Qual è stata la prima impressione quando hai incontrato Laura Morante? Pascal Elbe: ricordo che avevamo talmente tante cose da dirci che l'ho invitata a salire sul taxi con me, perché stavo per partire. Laura è un'attrice molto amata in Francia ed è bello quando decidi di andare all'attacco e fare il salto dietro alla macchina da presa. Sono stato davvero lusingato di aver ricevuto la sua proposta e soprattutto sono stato molto felice quando ho saputo che finalmente si girava. Confesso che se io ho deciso di fare cinema è stato anche grazie ai grandi del cinema italiano e lavorare con Laura mi ha dato la sensazione di farvi parte.
Tanti attori internazionali hanno dichiarato il loro amore per il vecchio cinema italiano...
Per le mie origini mediterranee sento molto più vicino il cinema italiano che quello francese. Marco Ferreri, Ettore Scola, Vittorio De Sica erano quasi di famiglia e sono riuscito ad entrare in contatto con le loro grandi opere, film magici, scritti da dialoghisti straordinari, che mostravano lo scorrere della vita senza cinismo. Quel cinema umanista ha guidato la mia vita.
Mi piacerebbe moltissimo anche se fino ad ora non è mai accaduto. Due mesi a Roma mi farebbero ingrassare, ma certo mi riterrei soddisfatto indipendentemente dal successo del film.
Laura ti piacerebbe tornare a fare la regista?
Laura Morante: sì a patto che non passino altri sette anni per dirigere una commedia. Ciliegine non Ben Hur né La caduta degli dei (ride). Eppure mi sono divertita a dirigere gli attori, tutti fantastici, talentuosi e solidali e tanto tanto calorosi. Alla fine il ruolo più duro è stato quella della co-produttrice.
Pascal Elbe: credo che Laura debba continuare a dirigere, non capita così spesso di incontrare qualcuno che ti conosca così bene. Davanti ad una regista così, ogni capriccio diventa secondario.

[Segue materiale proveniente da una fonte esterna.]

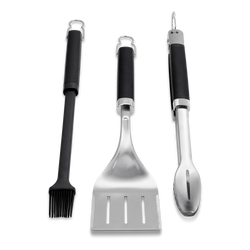 6764-6772B-rgb-Weber-Premium-Grillbesteck-3-teilig.png 6764-6772B-rgb-Weber-Premium-Grillbesteck-3-teilig.png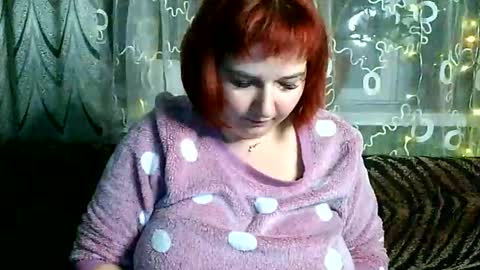 Snapshot of amanda__lawson chatting on October 1, 2025, 8:15 pm Amanda online show from October 1, 2025, 8:15 pm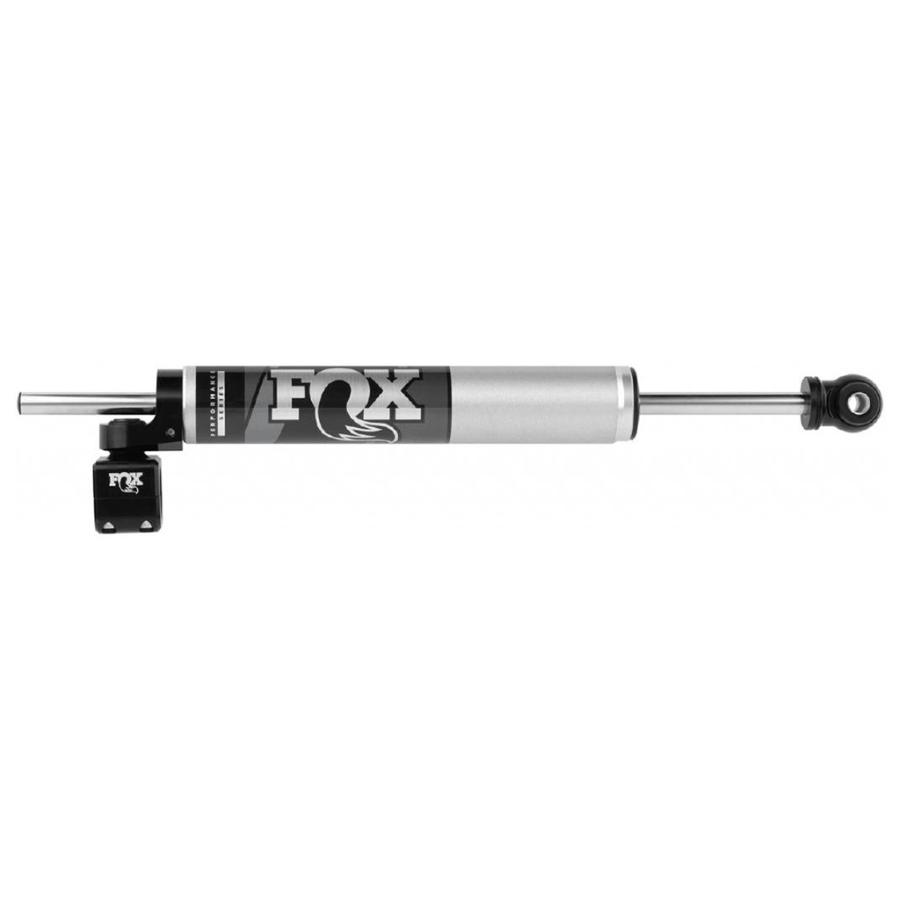 クライスラー・ジープ [FOX(フォックス)正規品]パフォーマンスシリーズ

So cosa voglia dire aspettare sette anni per realizzare un progetto in cui credi. Spero che la prossima gravidanza sia breve e soprattutto spero di far parte del cast di un ipotetico Ciliegine 2, almeno in qualche scena all'inizio, prima di essere scaricato brutalmente.
Laura, hai girato a Parigi, città dove sei a lungo vissuta, e hai voluto al tuo fianco gli uomini più importanti della vita, Daniele Costantini, Georges Claisse, e Francesco Gianmatteo. Questo ha un significato speciale per te?
Daniele, con cui ho scritto il film, è il padre di Eugenia, la mia figlia più grande, mentre l'adattamento in francese l'ho fatto con Georges, che invece è il padre della secondogenita Agnese, mentre Francesco ha prodotto il film. Che dire? Sono insopportabile durante i rapporti, ma dopo no, tendo a conservarli perché li considero preziosi. Forse perché non ne ho tantissimi. Tutti loro sono persone di valore e volevo averle vicino.